Records contained in a dataset
☆ ☆ ☆ ☆ ☆ ☆ ☆
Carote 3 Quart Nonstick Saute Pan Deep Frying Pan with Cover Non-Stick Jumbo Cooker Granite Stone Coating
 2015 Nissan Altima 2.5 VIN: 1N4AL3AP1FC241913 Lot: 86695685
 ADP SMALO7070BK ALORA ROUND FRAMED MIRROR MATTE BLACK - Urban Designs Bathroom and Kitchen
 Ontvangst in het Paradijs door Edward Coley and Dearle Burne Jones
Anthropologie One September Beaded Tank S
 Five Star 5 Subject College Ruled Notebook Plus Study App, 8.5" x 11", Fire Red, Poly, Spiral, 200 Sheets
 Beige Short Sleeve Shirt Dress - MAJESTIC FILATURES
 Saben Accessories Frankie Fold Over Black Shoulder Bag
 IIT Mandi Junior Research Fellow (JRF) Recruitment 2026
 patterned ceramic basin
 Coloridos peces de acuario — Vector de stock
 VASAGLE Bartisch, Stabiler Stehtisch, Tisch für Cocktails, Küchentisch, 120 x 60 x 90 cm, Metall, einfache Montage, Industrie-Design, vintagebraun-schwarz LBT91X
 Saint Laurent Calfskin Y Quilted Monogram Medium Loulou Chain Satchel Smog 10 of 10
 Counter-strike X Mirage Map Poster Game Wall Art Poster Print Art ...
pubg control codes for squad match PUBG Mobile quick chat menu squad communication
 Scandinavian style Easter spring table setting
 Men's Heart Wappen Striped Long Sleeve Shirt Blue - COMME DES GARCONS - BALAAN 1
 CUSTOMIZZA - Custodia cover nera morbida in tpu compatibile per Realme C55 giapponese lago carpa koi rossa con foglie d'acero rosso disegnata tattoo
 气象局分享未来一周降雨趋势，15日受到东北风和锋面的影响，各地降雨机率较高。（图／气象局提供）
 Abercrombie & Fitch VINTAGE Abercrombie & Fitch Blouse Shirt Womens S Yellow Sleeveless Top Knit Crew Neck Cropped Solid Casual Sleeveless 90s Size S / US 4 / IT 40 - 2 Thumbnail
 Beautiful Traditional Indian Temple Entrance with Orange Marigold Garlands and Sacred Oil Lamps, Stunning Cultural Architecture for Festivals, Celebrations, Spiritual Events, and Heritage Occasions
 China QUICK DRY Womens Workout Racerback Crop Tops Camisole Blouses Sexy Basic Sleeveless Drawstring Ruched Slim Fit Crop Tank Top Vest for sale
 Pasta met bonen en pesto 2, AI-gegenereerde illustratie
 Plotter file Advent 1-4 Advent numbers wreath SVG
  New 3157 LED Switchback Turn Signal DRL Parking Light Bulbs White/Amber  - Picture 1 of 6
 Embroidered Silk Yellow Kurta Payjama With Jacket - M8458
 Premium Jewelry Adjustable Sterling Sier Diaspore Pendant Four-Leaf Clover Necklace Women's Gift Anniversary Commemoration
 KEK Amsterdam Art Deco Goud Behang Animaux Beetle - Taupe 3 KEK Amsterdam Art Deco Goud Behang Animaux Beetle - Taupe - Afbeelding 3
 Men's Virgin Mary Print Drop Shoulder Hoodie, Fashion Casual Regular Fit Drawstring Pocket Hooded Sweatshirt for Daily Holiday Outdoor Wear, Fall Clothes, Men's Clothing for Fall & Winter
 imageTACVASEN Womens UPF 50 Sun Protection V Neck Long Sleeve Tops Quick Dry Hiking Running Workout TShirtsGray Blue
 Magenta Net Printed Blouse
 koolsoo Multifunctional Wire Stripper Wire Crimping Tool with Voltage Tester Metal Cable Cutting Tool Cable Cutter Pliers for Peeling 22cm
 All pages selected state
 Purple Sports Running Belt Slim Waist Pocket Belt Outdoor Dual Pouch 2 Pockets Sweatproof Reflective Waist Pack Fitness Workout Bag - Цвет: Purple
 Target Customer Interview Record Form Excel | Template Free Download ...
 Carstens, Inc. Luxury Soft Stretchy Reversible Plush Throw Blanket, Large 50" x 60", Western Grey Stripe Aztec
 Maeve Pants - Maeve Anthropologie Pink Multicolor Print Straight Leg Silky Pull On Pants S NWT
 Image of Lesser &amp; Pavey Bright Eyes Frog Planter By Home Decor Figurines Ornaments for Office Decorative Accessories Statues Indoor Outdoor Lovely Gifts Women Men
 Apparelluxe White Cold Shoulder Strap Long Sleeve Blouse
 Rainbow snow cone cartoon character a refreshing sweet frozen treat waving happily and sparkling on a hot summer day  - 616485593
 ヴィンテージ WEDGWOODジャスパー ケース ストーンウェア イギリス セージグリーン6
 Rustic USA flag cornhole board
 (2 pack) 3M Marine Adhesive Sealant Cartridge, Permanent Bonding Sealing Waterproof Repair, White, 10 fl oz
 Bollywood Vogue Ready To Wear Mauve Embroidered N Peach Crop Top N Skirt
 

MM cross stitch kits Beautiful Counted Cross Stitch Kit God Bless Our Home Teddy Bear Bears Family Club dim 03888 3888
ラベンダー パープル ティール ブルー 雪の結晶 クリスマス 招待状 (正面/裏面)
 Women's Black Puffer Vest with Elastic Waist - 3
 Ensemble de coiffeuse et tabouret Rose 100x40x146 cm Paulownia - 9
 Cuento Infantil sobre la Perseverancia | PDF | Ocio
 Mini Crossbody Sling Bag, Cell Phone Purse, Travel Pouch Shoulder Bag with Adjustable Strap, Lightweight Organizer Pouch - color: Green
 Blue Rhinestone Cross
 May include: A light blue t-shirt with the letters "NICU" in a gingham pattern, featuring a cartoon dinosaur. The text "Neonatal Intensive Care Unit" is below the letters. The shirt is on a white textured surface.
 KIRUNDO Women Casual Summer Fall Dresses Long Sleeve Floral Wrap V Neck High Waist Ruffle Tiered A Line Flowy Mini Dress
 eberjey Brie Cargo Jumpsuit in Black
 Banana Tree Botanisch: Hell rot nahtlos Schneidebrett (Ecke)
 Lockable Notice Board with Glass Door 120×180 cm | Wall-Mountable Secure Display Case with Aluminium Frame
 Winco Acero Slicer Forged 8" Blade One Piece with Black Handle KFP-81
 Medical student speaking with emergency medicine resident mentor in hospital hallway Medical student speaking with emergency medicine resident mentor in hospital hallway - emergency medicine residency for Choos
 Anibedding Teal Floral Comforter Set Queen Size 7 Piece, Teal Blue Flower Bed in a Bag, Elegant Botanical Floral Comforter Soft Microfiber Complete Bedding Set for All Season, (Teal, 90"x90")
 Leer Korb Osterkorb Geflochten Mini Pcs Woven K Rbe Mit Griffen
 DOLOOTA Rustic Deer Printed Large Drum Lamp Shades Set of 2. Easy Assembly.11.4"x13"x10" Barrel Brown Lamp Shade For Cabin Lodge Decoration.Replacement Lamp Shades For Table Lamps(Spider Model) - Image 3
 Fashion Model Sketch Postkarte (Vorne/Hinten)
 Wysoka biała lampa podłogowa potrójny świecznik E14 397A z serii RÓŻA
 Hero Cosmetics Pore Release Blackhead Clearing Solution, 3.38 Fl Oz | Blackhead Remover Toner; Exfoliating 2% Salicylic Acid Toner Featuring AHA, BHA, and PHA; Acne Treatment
☆ ☆ ☆ ☆ ☆ ☆ ☆
From the records above, extract exactly and only the lines that begin at the line with "VASAGLE Bartisch, Stabiler" and stop after the line with "Abercrombie & Fitch VINTAGE".

**Answer section**
 VASAGLE Bartisch, Stabiler Stehtisch, Tisch für Cocktails, Küchentisch, 120 x 60 x 90 cm, Metall, einfache Montage, Industrie-Design, vintagebraun-schwarz LBT91X
 Saint Laurent Calfskin Y Quilted Monogram Medium Loulou Chain Satchel Smog 10 of 10
 Counter-strike X Mirage Map Poster Game Wall Art Poster Print Art ...
pubg control codes for squad match PUBG Mobile quick chat menu squad communication
 Scandinavian style Easter spring table setting
 Men's Heart Wappen Striped Long Sleeve Shirt Blue - COMME DES GARCONS - BALAAN 1
 CUSTOMIZZA - Custodia cover nera morbida in tpu compatibile per Realme C55 giapponese lago carpa koi rossa con foglie d'acero rosso disegnata tattoo
 气象局分享未来一周降雨趋势，15日受到东北风和锋面的影响，各地降雨机率较高。（图／气象局提供）
 Abercrombie & Fitch VINTAGE Abercrombie & Fitch Blouse Shirt Womens S Yellow Sleeveless Top Knit Crew Neck Cropped Solid Casual Sleeveless 90s Size S / US 4 / IT 40 - 2 Thumbnail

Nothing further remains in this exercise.